Using scores medal and stars to flog wine

 

No one would dispute that it is a retailer job to sell wine but some of the practices used by some retailers (and wholesalers) really make the practices and process almost meaningless and just adds to the confusion faced by buyers.

 

Let me give you one recent example. Winefront Monthly is a new publication (its been going for all of two editions) that’s put out by a very competent wine journo. In time I have every faith this publication will gain the respect and credibility it deserves and become a recognized and often quoted publication. However at this time it is a little known publication with a very limited subscription base, that’s a fact, not a criticism.

 

In the last edition (Campbell in a fit of unrestrained insanity – big grin) awarded a particular wine 97 points. Now the fact that the vast majority of the wine loving public has never heard of Winefront Monthly didn’t stop a Sydney retailer from prominently featuring the wine and its 97 point Winefront Monthly rating as its wine of the week in an advert in the Sydney Morning Herald.

 

Winestate is a well known publication that is respected by many wine lovers. We frequently see many adverts quoting the fact that a particular wine has received (say) a **** rating from Winestate. But, the wine in question may be a $15 bottle of drink now quaffer and whilst it did get **** it was judged as that in the $15 category. Next to this $15 wine with its **** rating may be a $25 wine but as it only got *** the stars, so it’s star rating is not worth a mention in the advert. The question is does the purchaser realize that it’s harder to get *** in the $25 category than **** in the $15 category and that the $25 wine can be far better wine than the $15 quaffer?

 

These scores and star ratings can be very misleading unless the person buying the wine understands exactly what the rating means, the problem is that in most cases they do not. What’s even worse are some of the (ridiculous) scores invented by certain retailers that must be based on the profit potential and inventory rather than the quality of the wine.

 

Scores be it stars or points in and of themselves are meaningless and provide the purchaser with no meaningful information, all they are designed to do when used in advertising is to enable the makers or retailers to flog product.
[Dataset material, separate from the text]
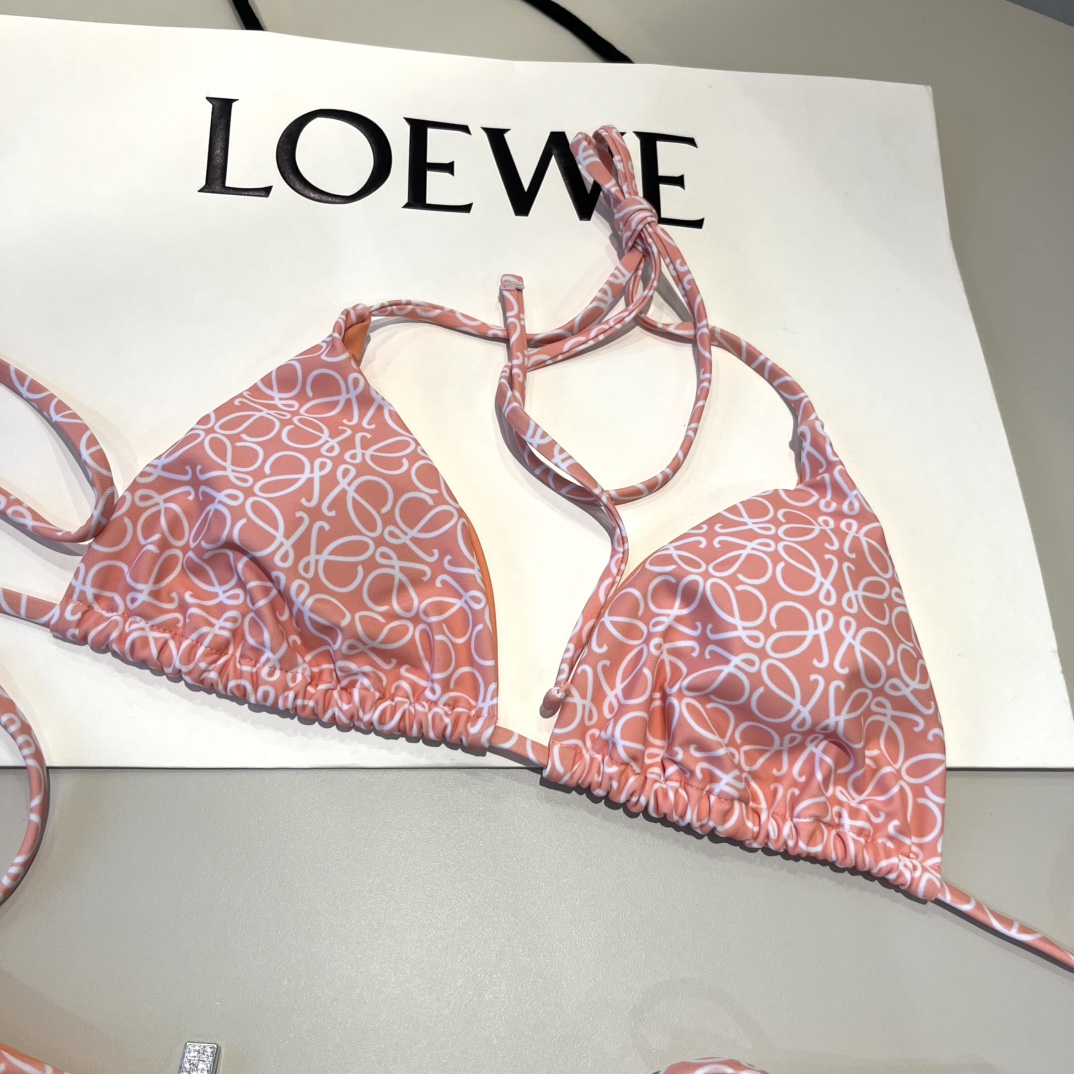  🆕
罗意威LOEWE新款比基尼泳衣👙❤️😍🥰适合多种场景的游泳衣🏊‍♀️海边 游泳池 温泉 水上乐园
By far and away the best method of giving the public a chance of understanding what the wine is like is to provide a tasting note and that’s one thing that Winestar does well (most of the time.)

 

But as Tim Shaw says, wait, there’s more. How about the retailers who use the wineries own tasting notes or even worse, the guff quoted on the back of the bottle. Now that’s not even independent advice, its vested interest and it’s sloppy.

 

The moral of the story? Pay no attention to the scores unless you are totally familiar with the author, and even then understand that even if highly rated, you may hate the wine. Look for an independent tasting note; that will give you a much better chance of likening what you buy and remember, the only persons palate and taste that counts is your own.